The Zihui also formed the basis for the Zhengzitong, written and originally published by Zhang Zilie (張自烈) as the 1627 Zihui bian (字彙辯; "Zihui Disputations") supplemental correction to the Zihui, then purchased by Liao Wenying (廖文英) and republished as the 1671 Zhengzitong. Another Qing dynasty scholar Wu Renchen published the 1666 Zihui bu (字彙補 "Zihui supplement"). The most important of the works based on the Zihui model was undoubtedly the 1716 Kangxi Zidian, which soon became the standard dictionary of Chinese characters, and continues to be used widely today. After the Kangxi Zidian adopted Mei's 214-radical system, they have been known as the Kangxi radicals rather than "Zihui radicals".

==Innovations==
The author Thomas Creamer says Mei Yingzuo's Zihui was "one [of] the most innovative Chinese dictionaries ever compiled" and it "changed the face of Chinese lexicography".

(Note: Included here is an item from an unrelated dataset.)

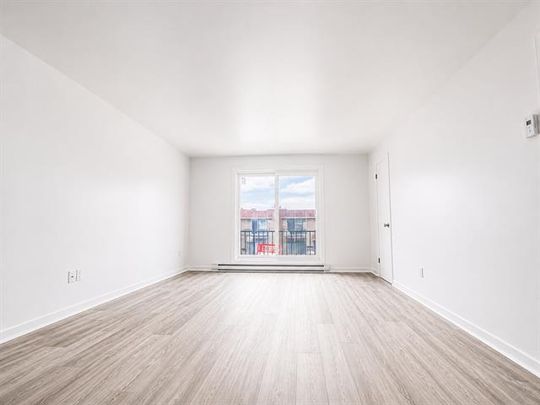 2140 Rue Robertine Barry - Photo 1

The best-known lexicographical advances in the Zihui are reducing the unwieldy Shuowen Jiezi 540-radical system for collating Chinese characters into the more logical 214-radical system, and arranging graphs belonging to a single radical according to the number of residual strokes, making finding character entries a relatively simple matter. To illustrate the inefficiencies of the Shuowen Jiezi system, only a few characters are listed under some radicals. For instance, its "man radical" 男, which compounds the modern "field radical" 田 and the "power radical" 力, only lists three: nan 男 ("man; male"), sheng 甥 ("nephew; niece"), and jiu 舅 ("uncle; brother in law"). In contrast, the Zihui eliminates the "man radical" and lists nan 男 under the "power radical", sheng 甥 under the "life radical" 生, and jiu 舅 under the "mortar radical" 臼. The 214 radicals are arranged according to stroke number, from the single-stroke "one radical" 一 to the seventeen-stroke "flute radical" 龠. The Zihui character entries are arranged according to the stroke number left after subtracting the respective radical, for instance, the characters under the "mouth radical" 口 begin with 卟, 古, and 句 and end with 囔, 囕, and 囖. This "radical-and-stroke" system remains one of the most common forms of Chinese lexicographic arrangement today.

The Chinese scholar Zou Feng (邹酆) lists four major lexicographical format innovations that Mei Yingzuo established in the Zihui, and which have been used in many dictionaries up to the present day (1983). First, the Zihui includes both formal seal script and clerical script as well as informal regular script characters, and gives the latter more significance than previously. Second, character entry presentation is improved by including both fanqie and homophonic phonetic notation, initiating a "more scientific format" for displaying definitions from original through extended meanings, using the label 〇 to display characters with multiple pronunciations and meanings, and indicating characters that have multiple parts of speech, all of which are standard format elements in modern Chinese dictionaries. Third, radicals and character entries are classified in a more logical manner, as explained above. Fourth, the Zihui was the first Chinese dictionary to integrate the main body and appendices into one whole, thus improving practicality for the user.